The middle ages witnessed the commencements of a renaissance in literature. Books during this period were solely hand-copied and bore illustrations from monks. Paper was a rare commodity (Lambdin and Lambdin 12). The medium used for writing mainly consisted of vellum and parchment.

The former was gotten from calf’s skin while the latter was derived from a lamb’s skin. Students who were eager to learn how to write used wooden tablets.

These tablets were covered in green or black wax. Many of the books produced during the medieval period were bound with plain wooden boards. Alternatively, tooled leather was used to bind volumes that were more expensive. This paper examines one of the manuscripts of the medieval era as well as how such literature was disseminated.

Medieval literature is a comprehensive topic that entails all written works from Europe and other regions, which were written during the middle ages. The literature of this era consisted of religious writing and secular works. Similar to modern literature works, medieval literature is a broad field of study, which covers the extremes of sacredness and profanity, as well as the topics in-between.

Medieval literature was mainly in Latin because it was the language of the Roman Catholic Church. The Roman Catholic Church had dominion over most parts of Europe including Western and Central Europe (Thomas 23).

The church was mainly the source of education; hence, Latin became the language of most medieval literature writings. Nevertheless, Eastern Europe was under the influence of the Eastern Roman Empire, and the Eastern Orthodox Church.
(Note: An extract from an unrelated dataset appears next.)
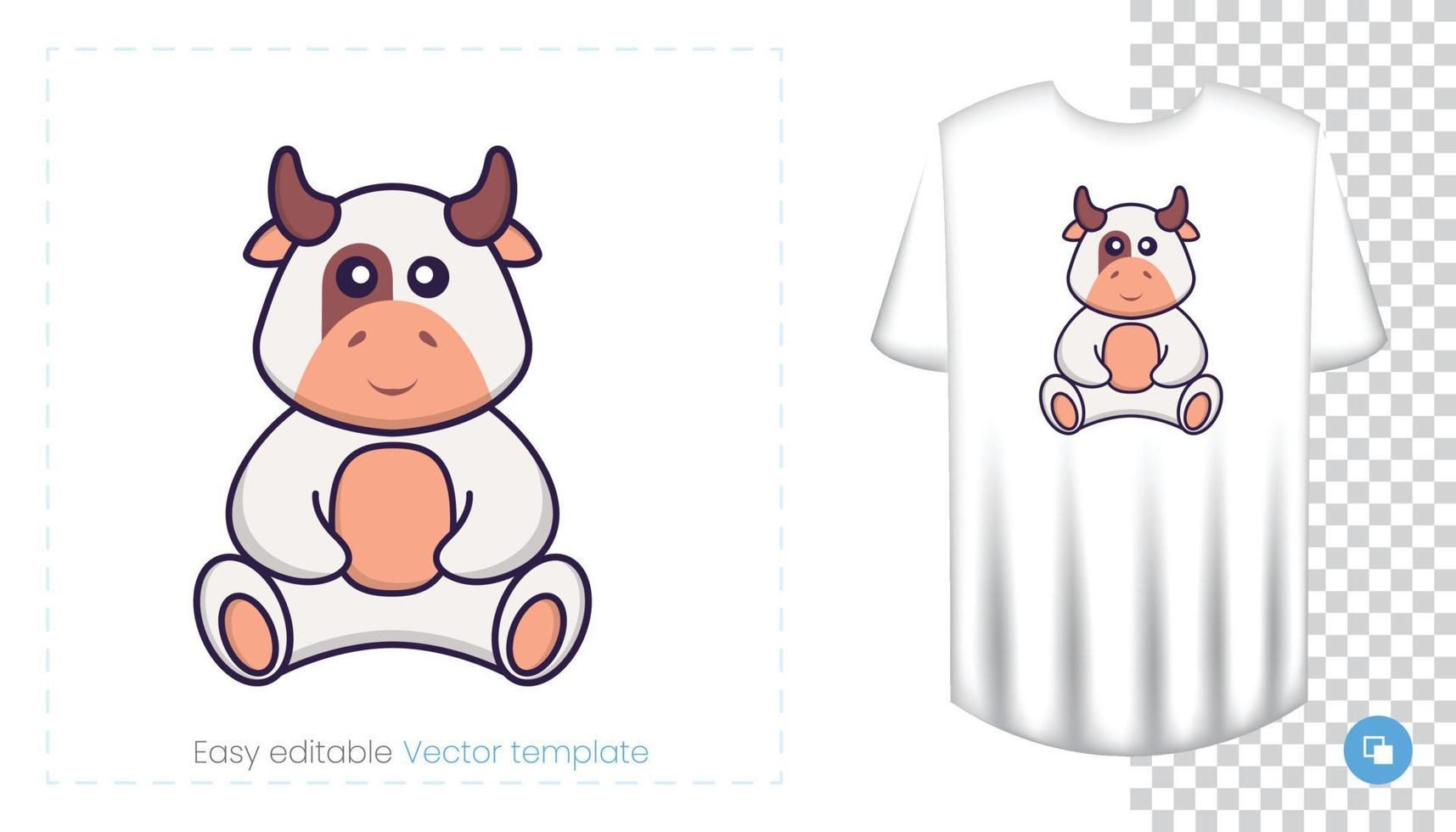 lindo personaje de vaca. estampados en camisetas, sudaderas, fundas para móviles, souvenirs. Ilustración de vector aislado sobre fondo blanco.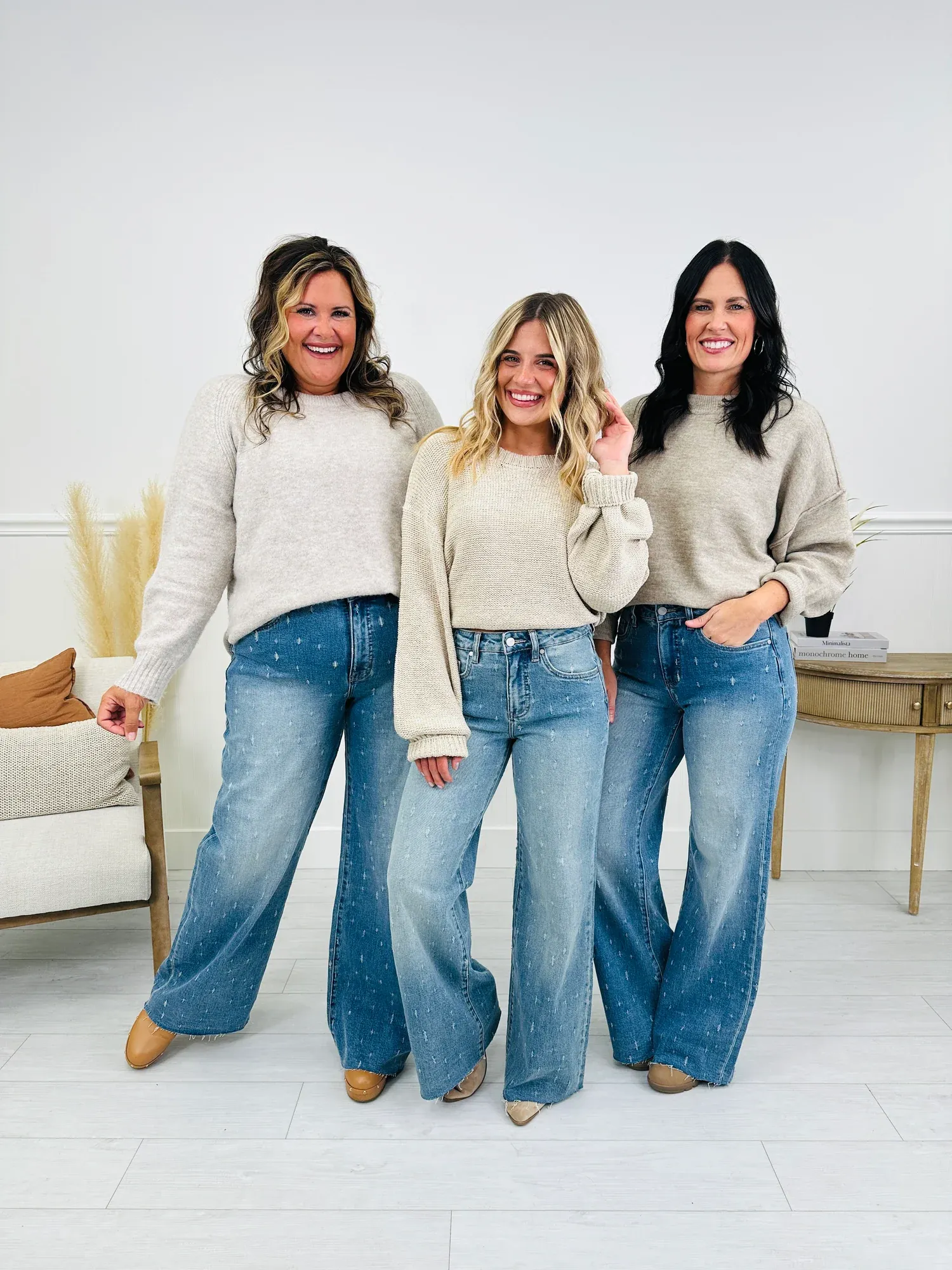 (Pack of 2) Cat Scratch Fever Tummy Control Wide Leg Jeans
As a result, the main written languages in this region were Greek or the Old Church Slavonic. Although Greek and Latin were the language of the elite, the common people went on using their vernaculars (Thomas 24).

Changes in the Medieval era

In the medieval period, in the Western world, literature and science were aligned in many questions and struggles. For instance, writers wondered on how to disseminate their work or keep it secret, whether to write in Latin or the vernacular, whether to follow the style and content of the ‘ancients’ or ‘the moderns’.

Other issues troubled writers such as reconciliation of the natural world with Church doctrine, and how to present their works so that it pleased a patron and garners support (Cels 31).

The medieval era is the period in which the arts and sciences began to become the disciplines, as they are known today, developing subfields, new literary genres, and countless new technologies.

This is also the period when Islamic learning migrated to Europe and contributed significantly to scientific and literary thought. This era also saw schools move out of the Church and into universities, as well as court workshops. Nevertheless, the influence of the church in controlling the production and dissemination of knowledge continued to be strong (Lambdin 31).

The Middle Ages is also the era when transmission of information took a revolutionary step with the invention of the printing press. It is the era when the ‘new world’ was discovered and ignited literary and scientific imaginations and study; and when new technologies led to increased global trade and enlarged markets, the development of banking, a growing merchant class, an augmented pool of educated people, and men of learning to be celebrated for their genius and virtuosity. The sciences and arts were building their identities. They did so in step and in dialogue with one another (Galloway 29).

The trajectory of science from the Middle Ages through the Renaissance to today’s is, more frequently than not, seen as a continuity and precursor to later scientific developments.

A similar trajectory can be traced in the history of literature. The energy devoted to the recovery, assimilation, commentary, translation, and promulgation of earlier authorities in both literature and sciences was accompanied by empirical and experimental work in the sciences, and active re-examination and reinterpretation of established sources in both science and literature (Curtius 36).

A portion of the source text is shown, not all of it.